Set the range of user information that needs to be obtained;

Obtaining relevant sample data according to the range of user information;

Establishing a plurality of models according to the sample data, performing training and testing, and screening the optimal model combination;

Establishing a combined classifier model according to the optimal model combination; and

The chronic obstructive pulmonary disease risk prediction is performed according to the combined classifier model and user personal information.
The server according to claim 9, wherein before the step of establishing a plurality of models based on said sample data, the method further comprises the steps of:

The sample data is subjected to missing value and outlier processing, and dimensionality reduction is performed.
The server according to claim 9 or 10, wherein the user information range includes the user's health profile, hobbies, spending habits, and living habits.
The server according to claim 10, wherein the step of performing the missing value and the outlier processing on the sample data comprises:

Deleting the data with too low saturation, the outliers are treated as missing values, the missing values are filled by the feature filling method, and the continuous values are discretized.
The server according to claim 10, wherein said dimensionality reduction is performed by a principal component analysis and a feature screening method.
A server according to claim 9 or 10, wherein said model is established by an xgboost algorithm.
A server according to claim 9 or 10, wherein the training set and the test set are constructed in accordance with a 10-fold cross-validation method to filter the optimal model combination.
The server according to claim 9 or 10, wherein the step of establishing a combined classifier model according to the optimal model combination comprises:

After the optimal model combination is obtained, the prediction results of the n models are weighted to obtain the combined classifier model, and the output of the combined classifier model is weighted by the prediction results of the n models. The final forecast.

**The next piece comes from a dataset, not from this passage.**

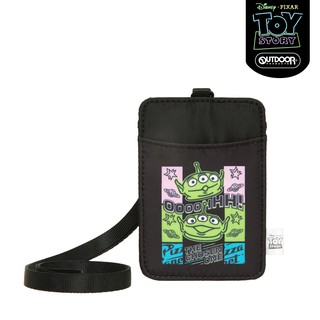 【OUTDOOR】DISNEY聯名款霓虹三眼怪系列證件票卡夾-黑色 ODDY21A13BK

The method of the method for predicting the risk of developing chronic obstructive pulmonary disease according to any one of claims 1-8.
A computer readable storage medium storing a chronic obstructive pulmonary disease risk prediction system executable by at least one processor to cause the at least one processor Perform the following steps:

Set the range of user information that needs to be obtained;

Obtaining relevant sample data according to the range of user information;

Establishing a plurality of models according to the sample data, performing training and testing, and screening the optimal model combination;

Establishing a combined classifier model according to the optimal model combination; and

The chronic obstructive pulmonary disease risk prediction is performed according to the combined classifier model and user personal information.
A computer readable storage medium according to claim 17, wherein before the step of establishing a plurality of models based on said sample data, the method further comprises the steps of:

The sample data is subjected to missing value and outlier processing, and dimensionality reduction is performed.
The computer readable storage medium according to claim 18, wherein the step of performing the missing value and the outlier processing on the sample data comprises:

Deleting the data with too low saturation, the outliers are treated as missing values, the missing values are filled by the feature filling method, and the continuous values are discretized.
The computer readable storage medium according to claim 17 or 18, wherein the step of establishing a combined classifier model according to the optimal model combination comprises:

After the optimal model combination is obtained, the prediction results of the n models are weighted to obtain the combined classifier model, and the output of the combined classifier model is weighted by the prediction results of the n models. The final forecast.